------ Exercise inputs ------

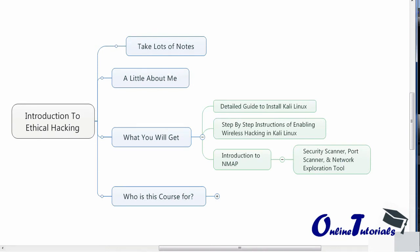This course will give you a detailed guide to install Kali Linux on your VirtualBox machine or on a PC, which will allow dual booting of Kali Linux. You will be introduced to step by step instructions for enabling wireless hacking using Kali Linux, allowing you to scan for wireless networks and other wireless devices and figure out where the vulnerabilities are. I'll also introduce you to Nmap, which is a security scanner, port scanner, and network exploration tool.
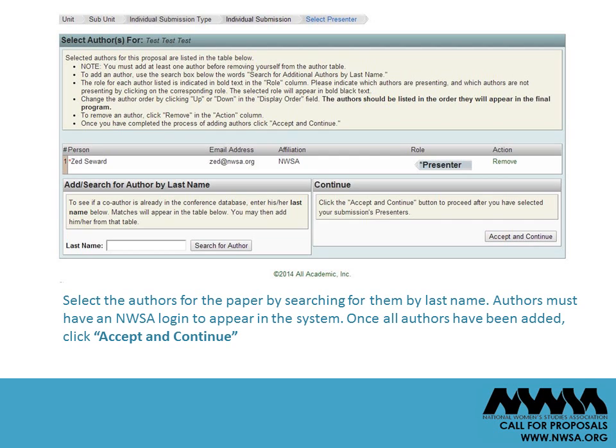Select the authors for the paper by searching for them by last name. Authors must have an NWSA login to appear. Once all authors have been added, click Accept and Continue.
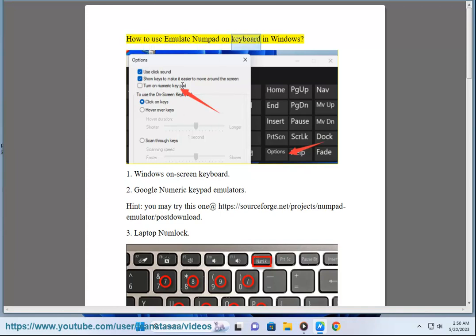How to use Emulate Numpad on keyboard in Windows. First: Windows on-screen keyboard.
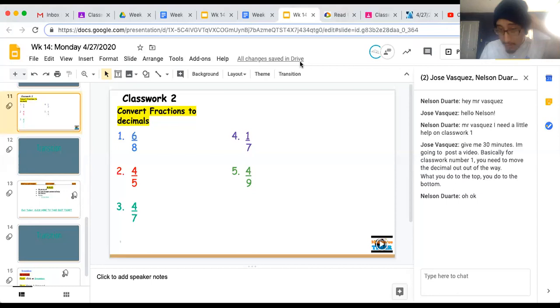All right everyone, going over to class week number two for Monday, 4-27-2020. So basically what you need to do is you're going to be converting fractions to decimals.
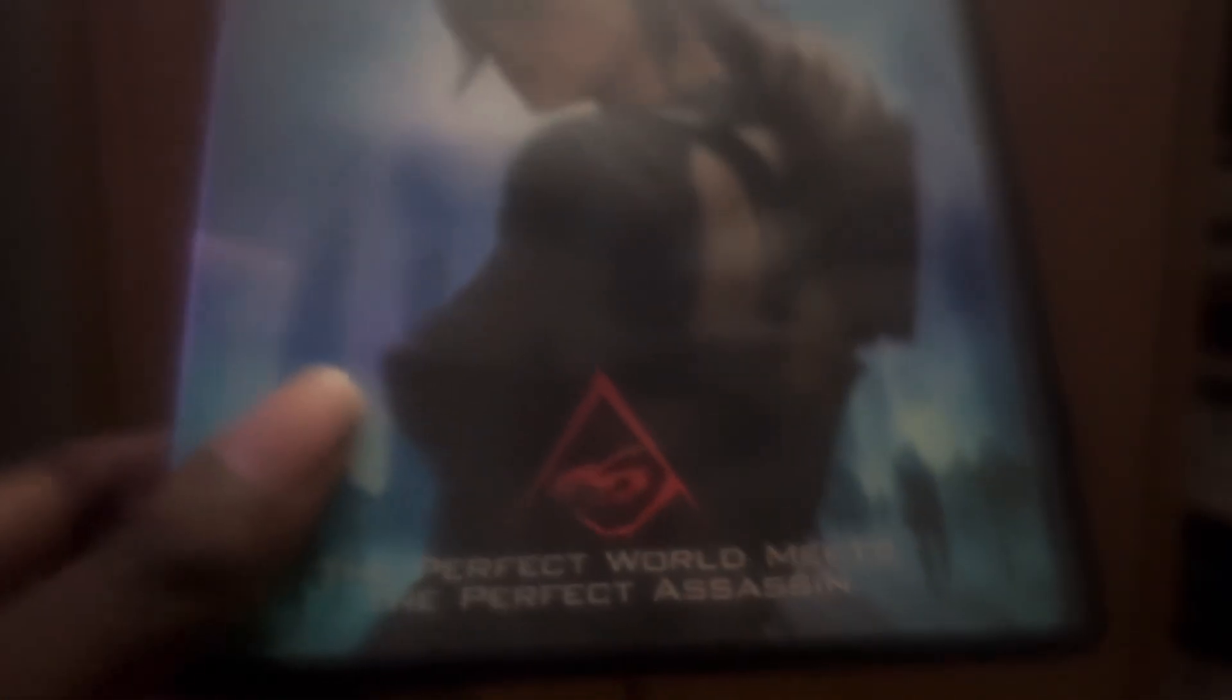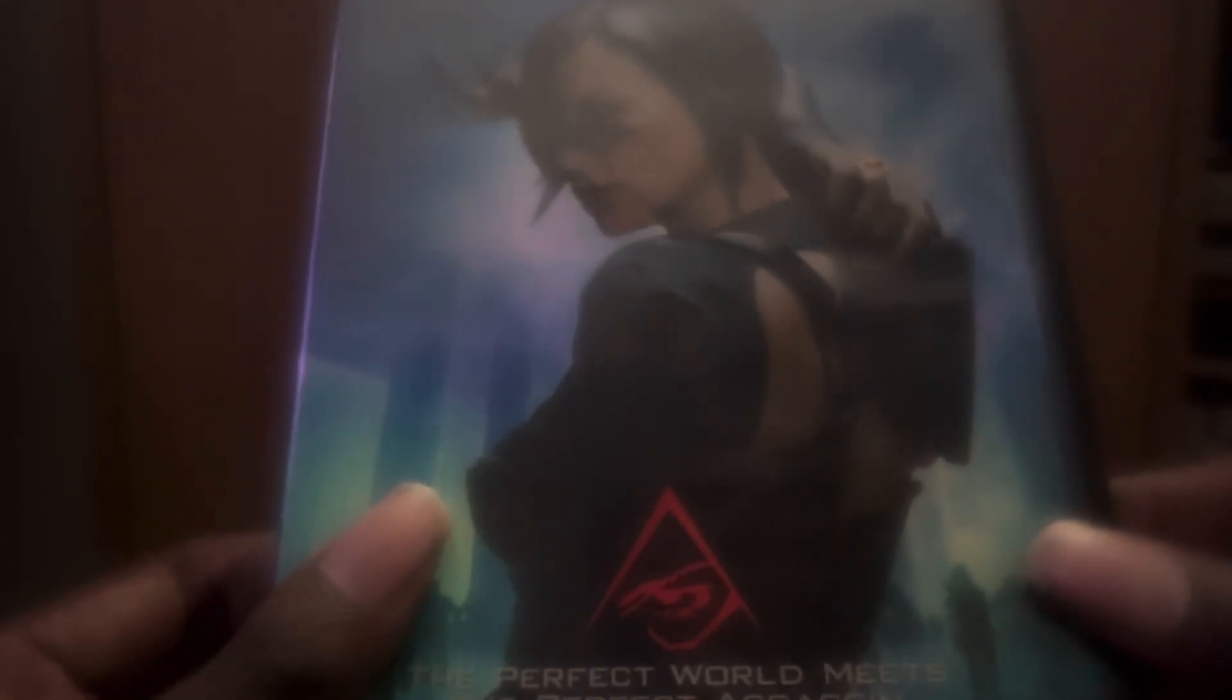The perfect world meets the perfect assassin. And also I have the portable DVD. I have my new portable DVD player.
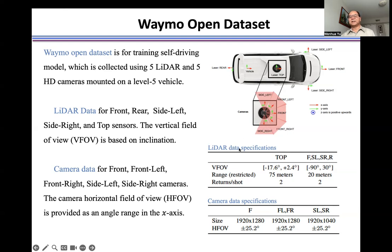The LiDAR data specifications include the vertical field of view. The top LiDAR sensor has a detection range of 75 meters. The remaining four LiDAR sensors have a detection range of 20 meters. We count a maximum of two returns.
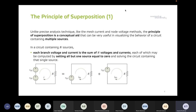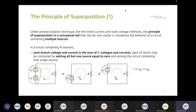We consider each source's contribution separately, then sum them up. That is how the superposition principle helps us with analysis. For example, we have two voltage sources and we want to analyze the current in a particular resistor. Superposition lets us split the problem, analyze the contribution of source one and then source two, and simply sum up the currents to get the final answer. This is applicable only for linear circuits.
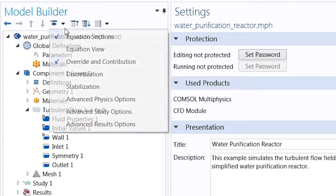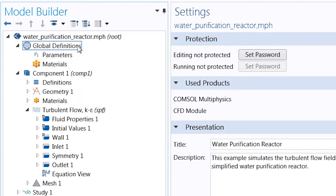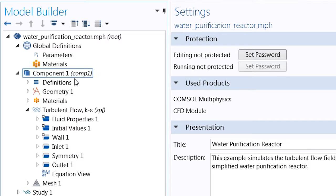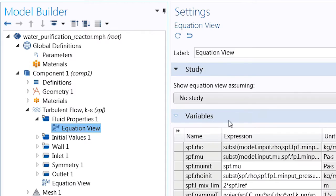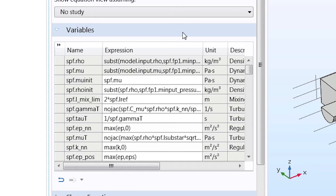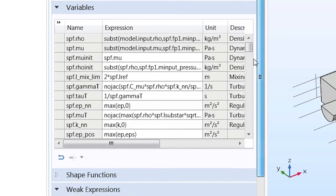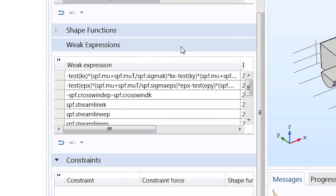First, enable the equation view under the model builder. Then, simply click on the equation view node under each physics and each boundary conditions. You will see the definition for all internal variables as well as the weak expression for the governing equations of the physics. That's my COMSOL tip.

------

*Assigned task*
Reproduce the material word for word, but without its images.

*Task result*
This course will give you a detailed guide to install Kali Linux on your VirtualBox machine or on a PC, which will allow dual booting of Kali Linux. You will be introduced to step by step instructions for enabling wireless hacking using Kali Linux, allowing you to scan for wireless networks and other wireless devices and figure out where the vulnerabilities are. I'll also introduce you to Nmap, which is a security scanner, port scanner, and network exploration tool.
Select the authors for the paper by searching for them by last name. Authors must have an NWSA login to appear. Once all authors have been added, click Accept and Continue.
How to use Emulate Numpad on keyboard in Windows. First: Windows on-screen keyboard.
All right everyone, going over to class week number two for Monday, 4-27-2020. So basically what you need to do is you're going to be converting fractions to decimals.
The perfect world meets the perfect assassin. And also I have the portable DVD. I have my new portable DVD player.
The LiDAR data specifications include the vertical field of view. The top LiDAR sensor has a detection range of 75 meters. The remaining four LiDAR sensors have a detection range of 20 meters. We count a maximum of two returns.
We consider each source's contribution separately, then sum them up. That is how the superposition principle helps us with analysis. For example, we have two voltage sources and we want to analyze the current in a particular resistor. Superposition lets us split the problem, analyze the contribution of source one and then source two, and simply sum up the currents to get the final answer. This is applicable only for linear circuits.
First, enable the equation view under the model builder. Then, simply click on the equation view node under each physics and each boundary conditions. You will see the definition for all internal variables as well as the weak expression for the governing equations of the physics. That's my COMSOL tip.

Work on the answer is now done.